Joe Rutherford, an ODOT spokesman in Bowling Green, said some of the pavement repairs needed on I-75 between I-280 and I-475 were less extensive than anticipated when the project plans were drawn up, which also helped Wagner crews finish ahead of schedule.
The work-zone reprieve, however, is good only for four months.
The I-75 repairs, which began Oct. 2, are only a prelude to the reconstruction next spring of the freeway's viaduct over Berdan and Detroit avenues, which will require single-lane traffic for six months. Wagner may start work on that final, larger phase of its $14.7 million contract as soon as March 1, Mr. Rutherford said.

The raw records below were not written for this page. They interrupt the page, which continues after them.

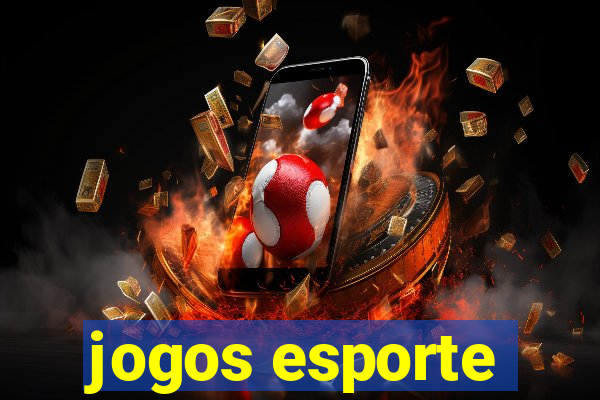 jogos esporte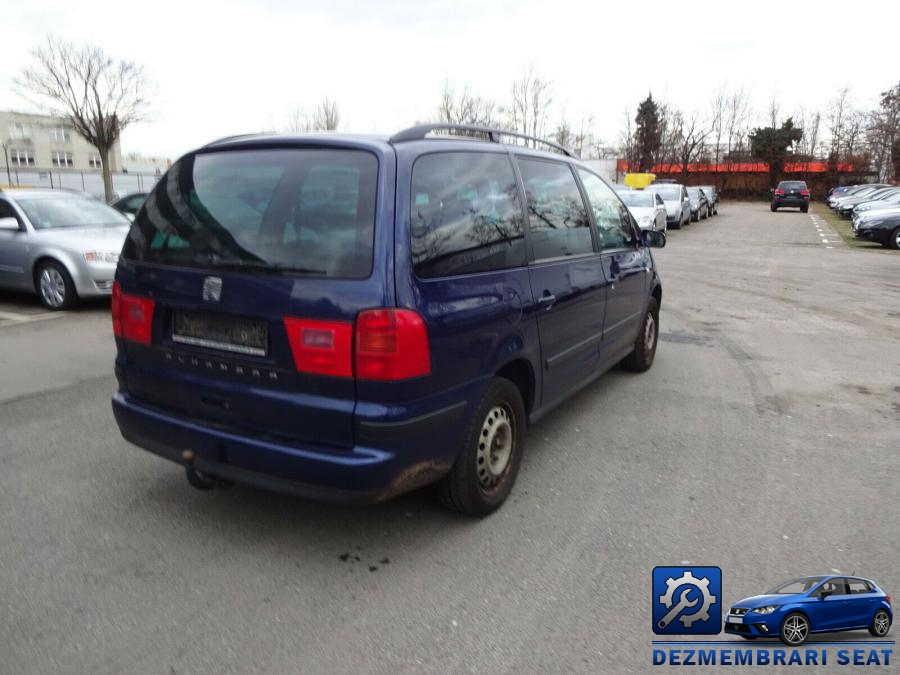 Unitate servo frana seat alhambra 2006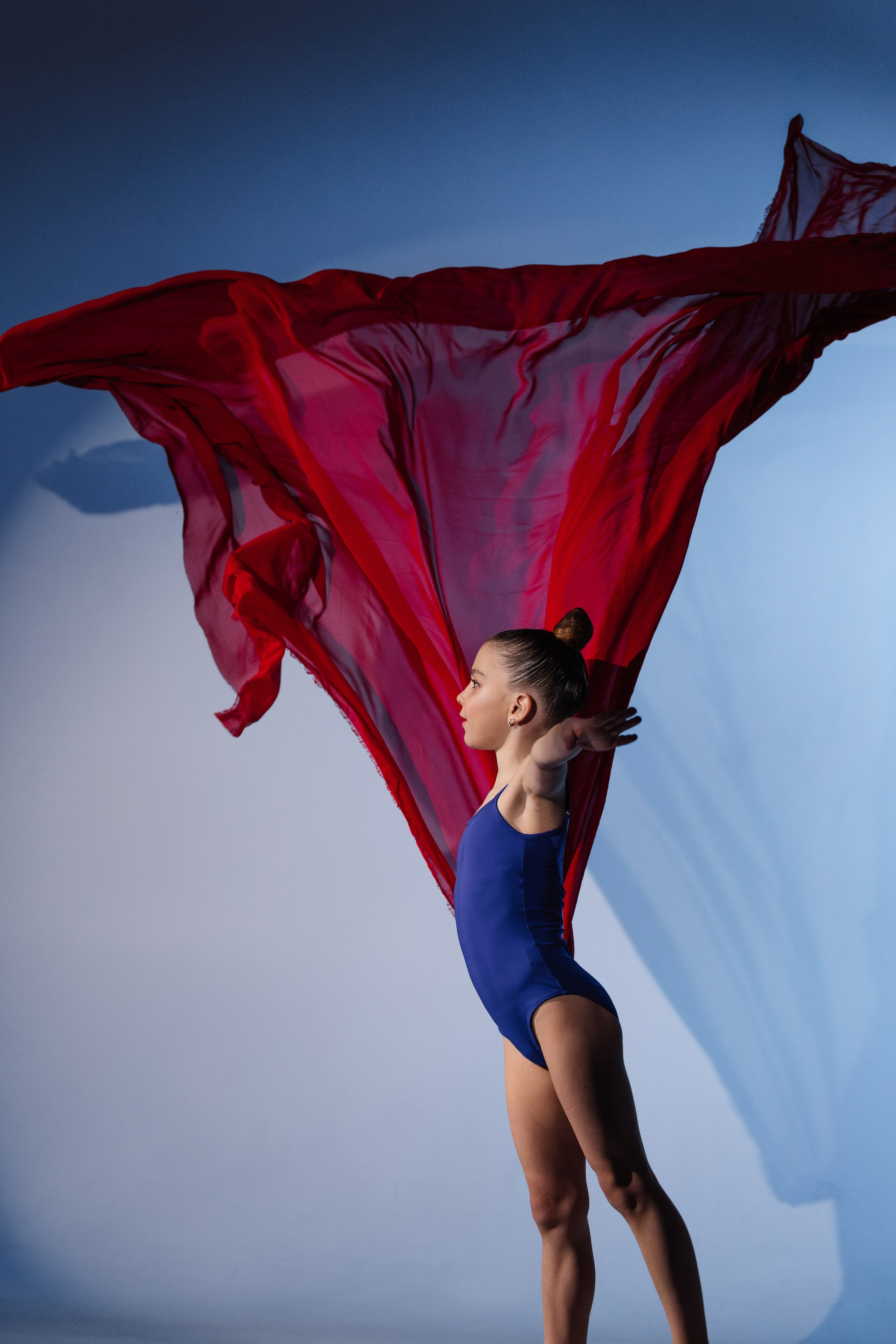 Лу. Художественная Гимнастика фотосессия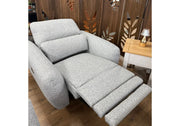 Sorrento Electric Recliner Beige Armchair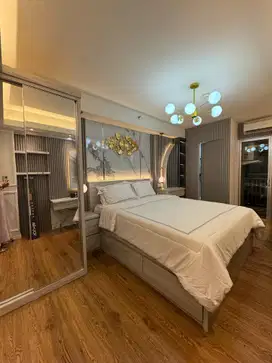 DIJUAL Studio Fully Furnished di Green Palace Kalibata City – Baru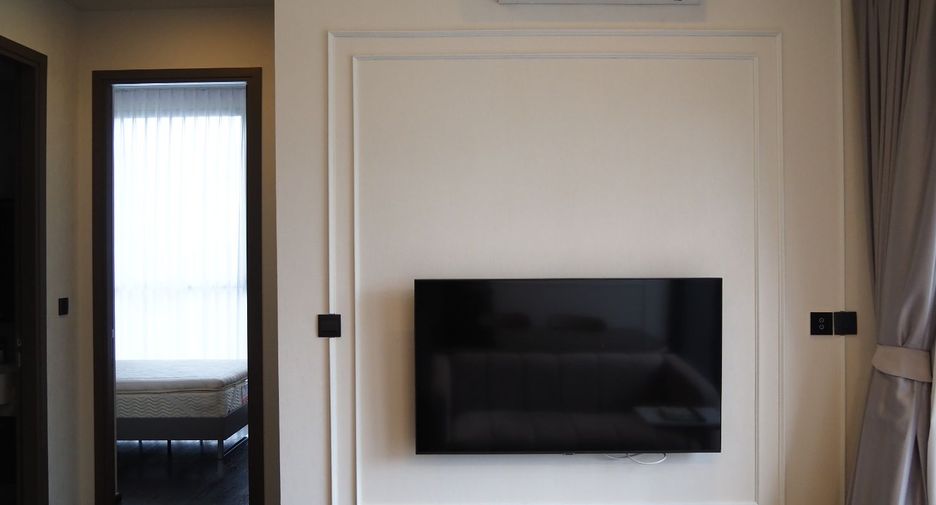 Wohnung zur Miete mit 2 Zimmer in Watthana, Bangkok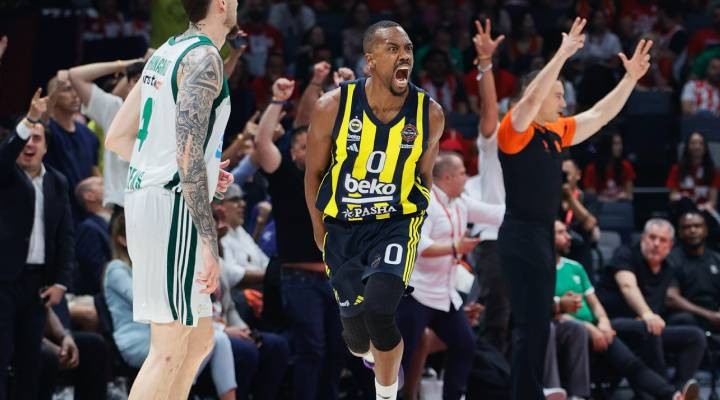 Eski Karşıyakalı McCollum'un final gururu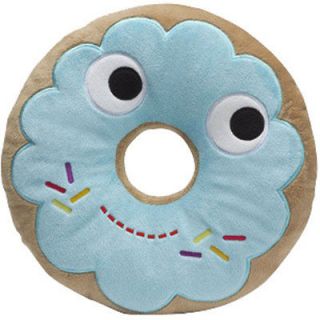 donut plush toy cushion bed chair pillow~strawbe rry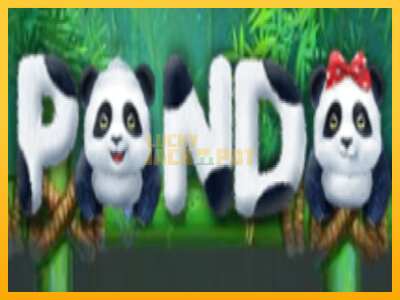 Pul üçün slot maşını Panda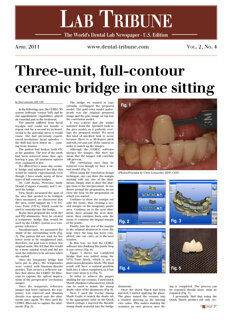 Lab Tribune U.S. No. 4, 2011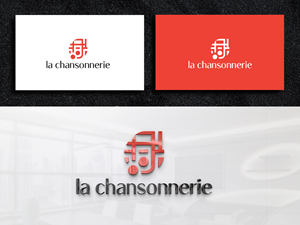 Logo Design by ArtSamurai for La chansonnerie | Design: #33598944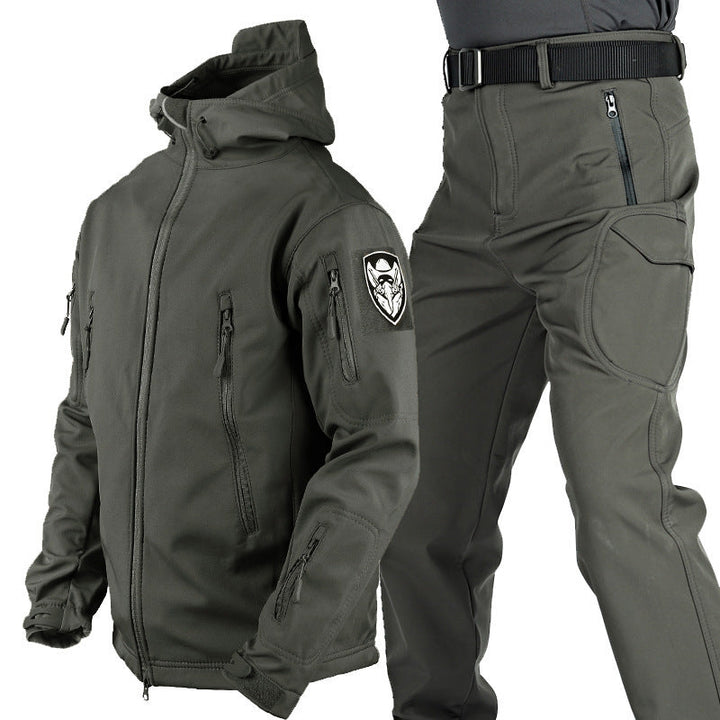 Tactical Softshell Set for Men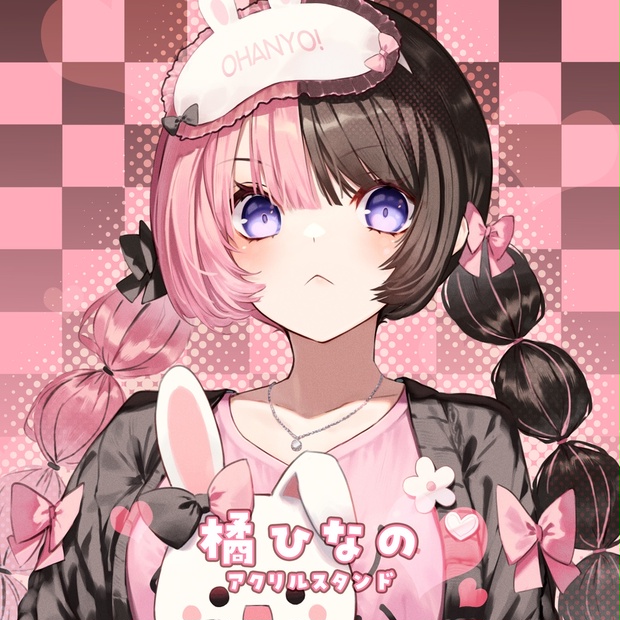 非公式】橘ひなのアクリルスタンド - GRAPHIC!! - BOOTH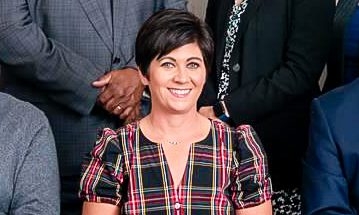 Knox County Schools board chair Betsy Henderson announces run for mayor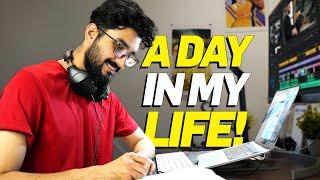 A productive day in my life - After quitting my 9 to 5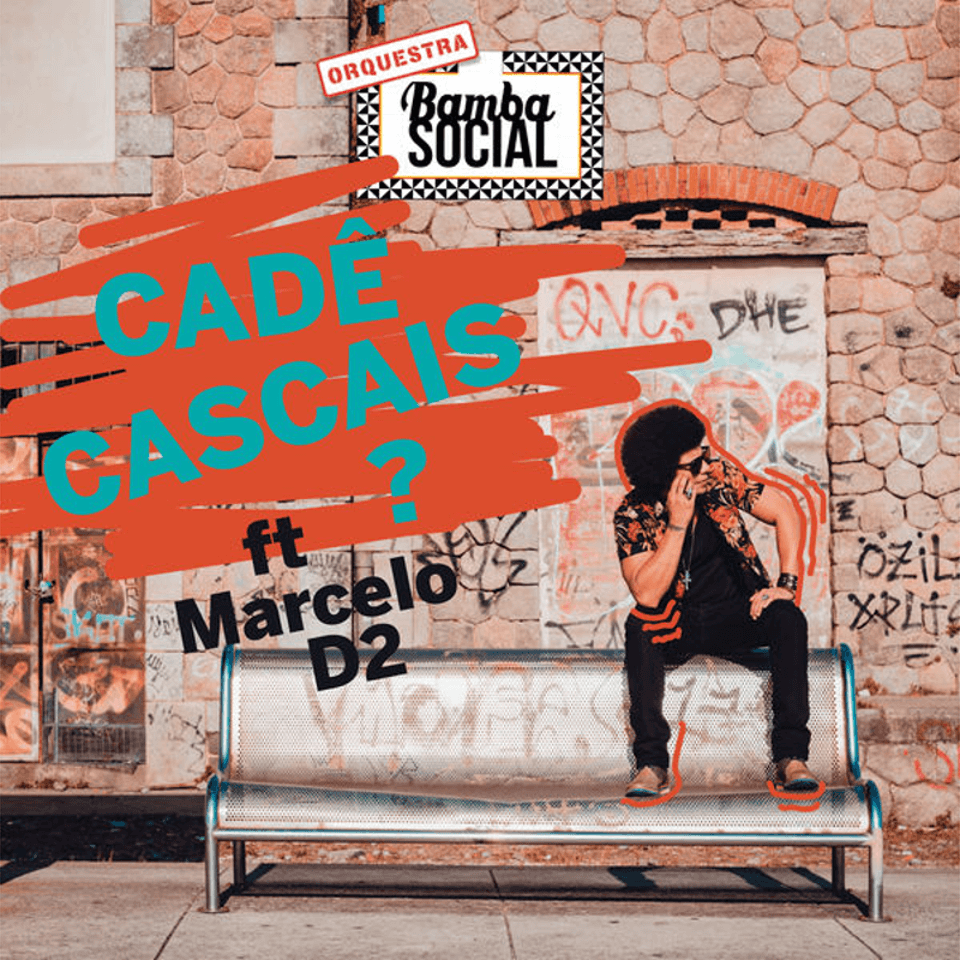 Orquestra Bamba Social ft. Marcelo D2 - Cadê Casc Orquestra Bamba Social ft. Marcelo D2 - Cadê Casc
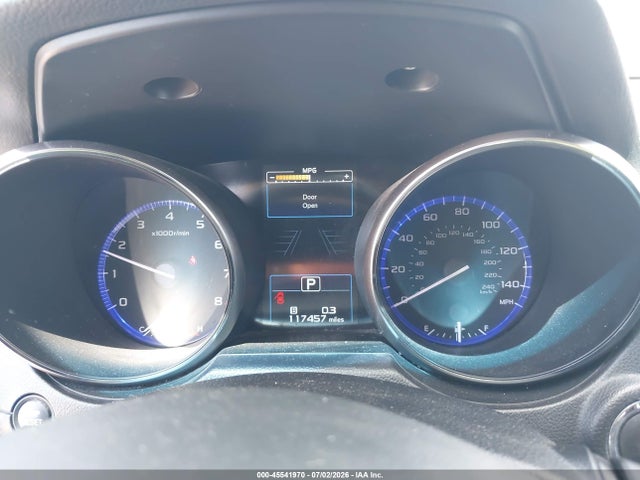 Продаж на аукціоні авто 2017 Subaru Outback 2.5i Limited, vin: 4S4BSANC1H3206882, номер лоту: 45541970
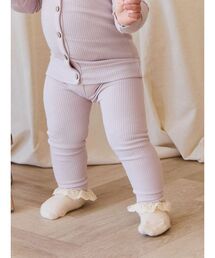 JAMIE KAY（ジェイミーケイ）の「【ONLINE限定】レギンスViolet Tint／オーガニックコットンモダール（その他パンツ）」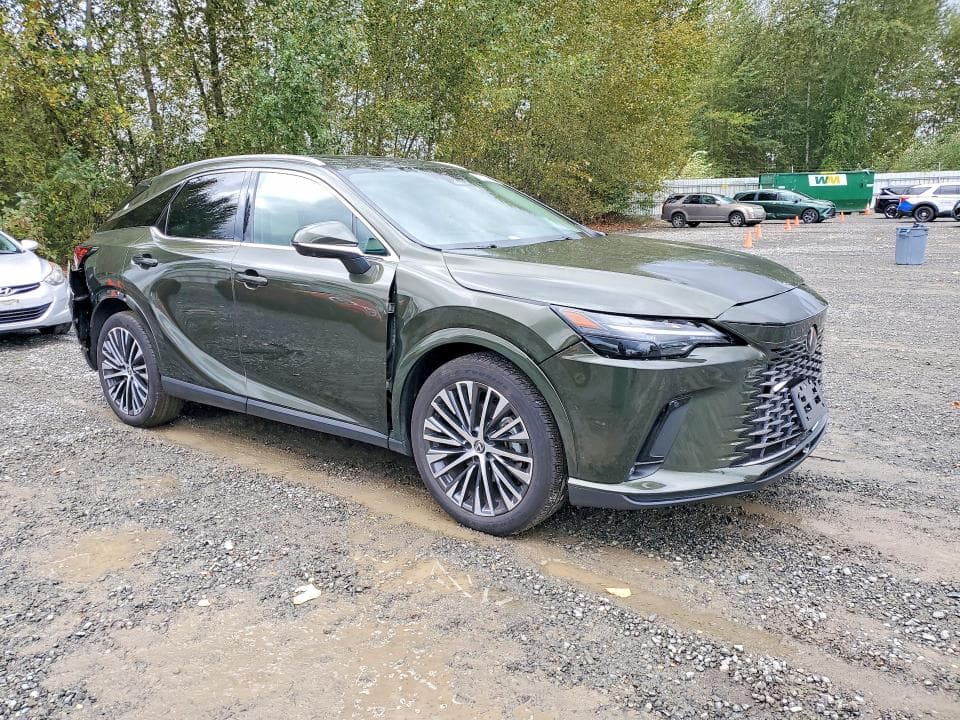 2025 LEXUS RX 350 PREMIUM+ 4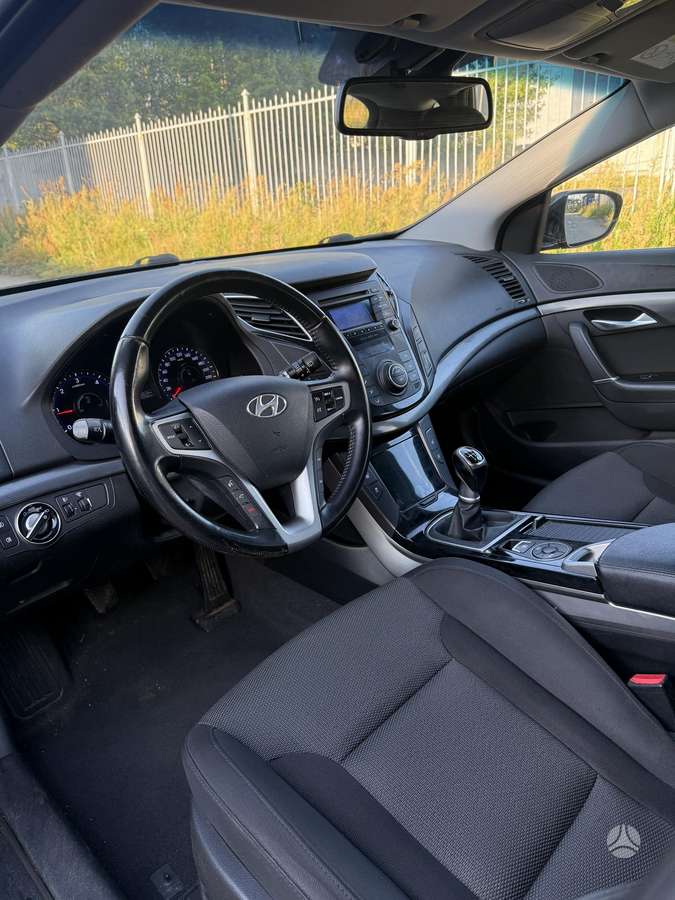 Hyundai i40 2014 — photo 8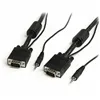 VGA Cable Startech MXTHQMM5MA Black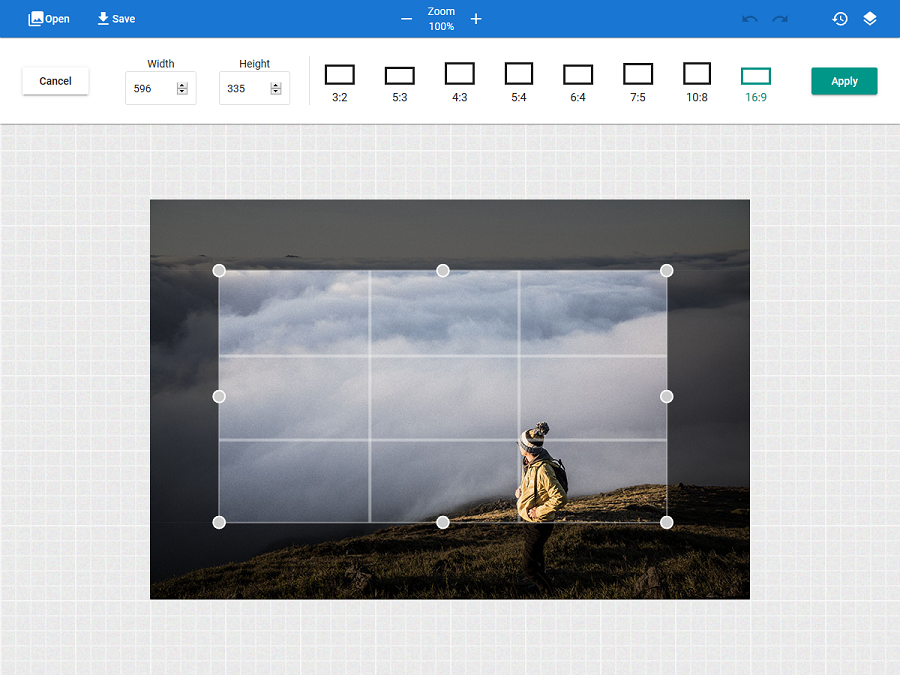 ویرایشگر عکس - Pixie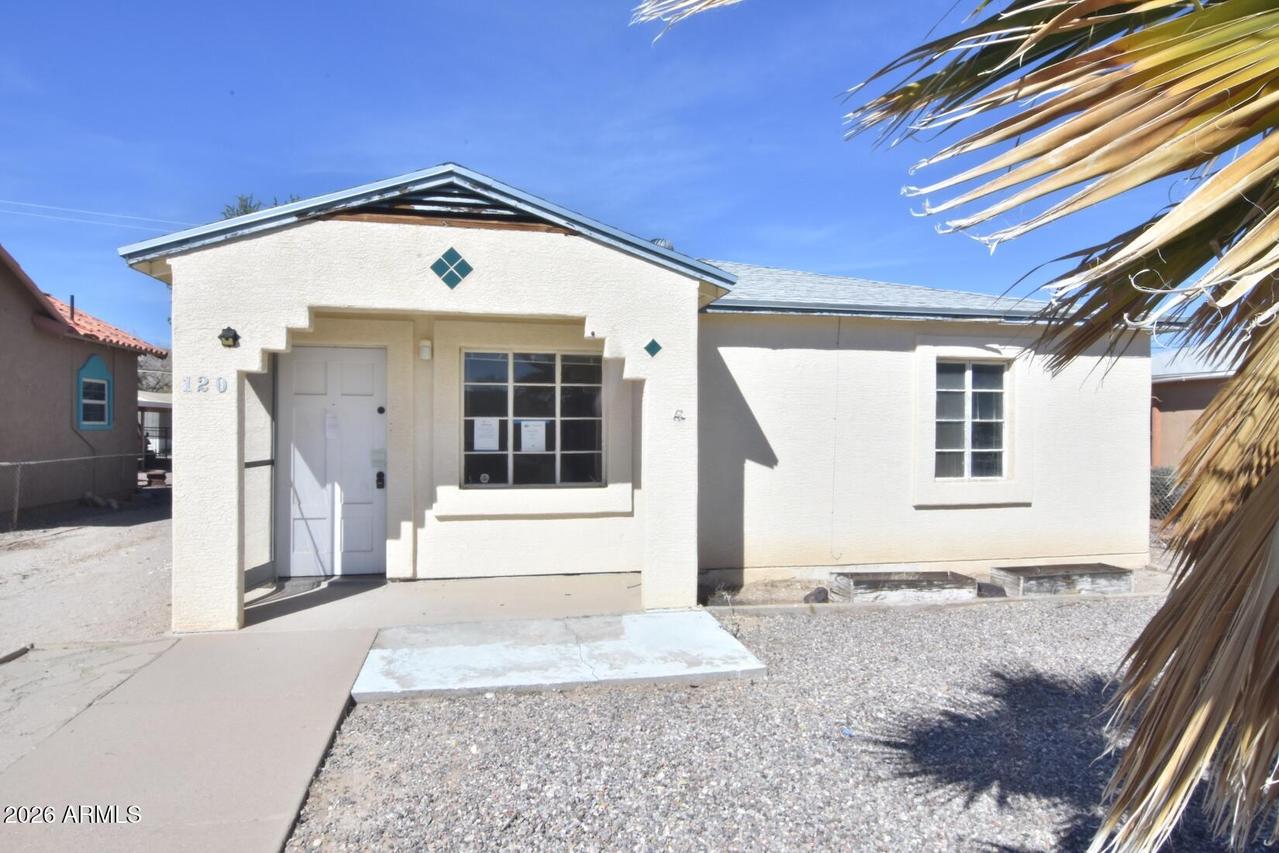 120 S Elota Ave., Ajo, AZ 85321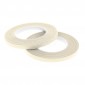 Hamilworth Floral Tape - 1/2 width White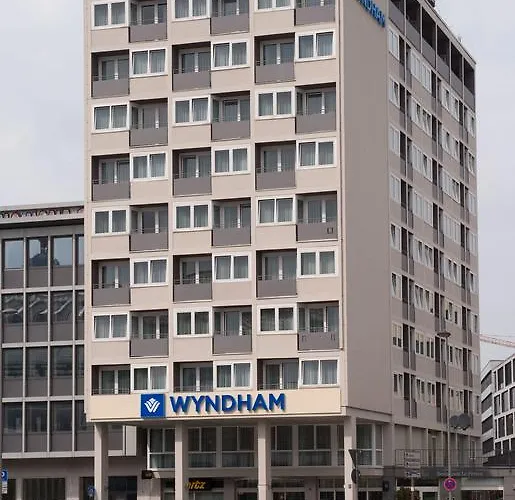Hotel Wyndham Köln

The first phase of the I-75 work involved repairing concrete roadway joints, reinforcing the freeway's shoulders, creating crossovers in the median wall for use during next year's construction, and completely rebuilding a short stretch that was built over the North Cove Landfill.
A week ago, ODOT disclosed that the deadline had been extended by five days, to Nov. 11, because construction over the landfill side had been more extensive than anticipated.
But yesterday, Mr. Rutherford said the reduced repair workload - only 13 joints needed complete replacement, instead of 20 - and the benign weather allowed Wagner to finish the repairs on mainline I-75 early. And the firm completed repairs to the ramp from eastbound I-475 to northbound I-75 in just four days instead of the scheduled two weeks. The contractor will be rewarded for the early completions with a $170,000 bonus, as provided in the contract, Mr. Rutherford said.
The contract gave Wagner 35 days to do the first repair phase, rain or shine. But while the 2.83 inches of rain the National Weather Service recorded at Toledo Express Airport during October was above normal, 2.3 inches of it fell on Oct. 4-5, with dry conditions prevailing for the rest of the month. Mr. Rutherford said Wagner lost just one workday to rain during the entire month, when it had planned for four rainout days.
Also helping construction was relative warmth, which supports concrete and asphalt paving and repairs.
While Tony Spicer, a National Weather Service meteorologist in Cleveland, said the month did not rank among the Top 10 warmest Octobers on record, the 55.4-degree average temperature was still 4.2 degrees above normal.
And the weather service did not report a freezing temperature at the airport until the mercury dipped to 31 degrees on Sunday. In nine out of 10 years, Toledo would have had a frost by Oct. 28, and its first frost on average occurs on Oct. 12, according to weather records.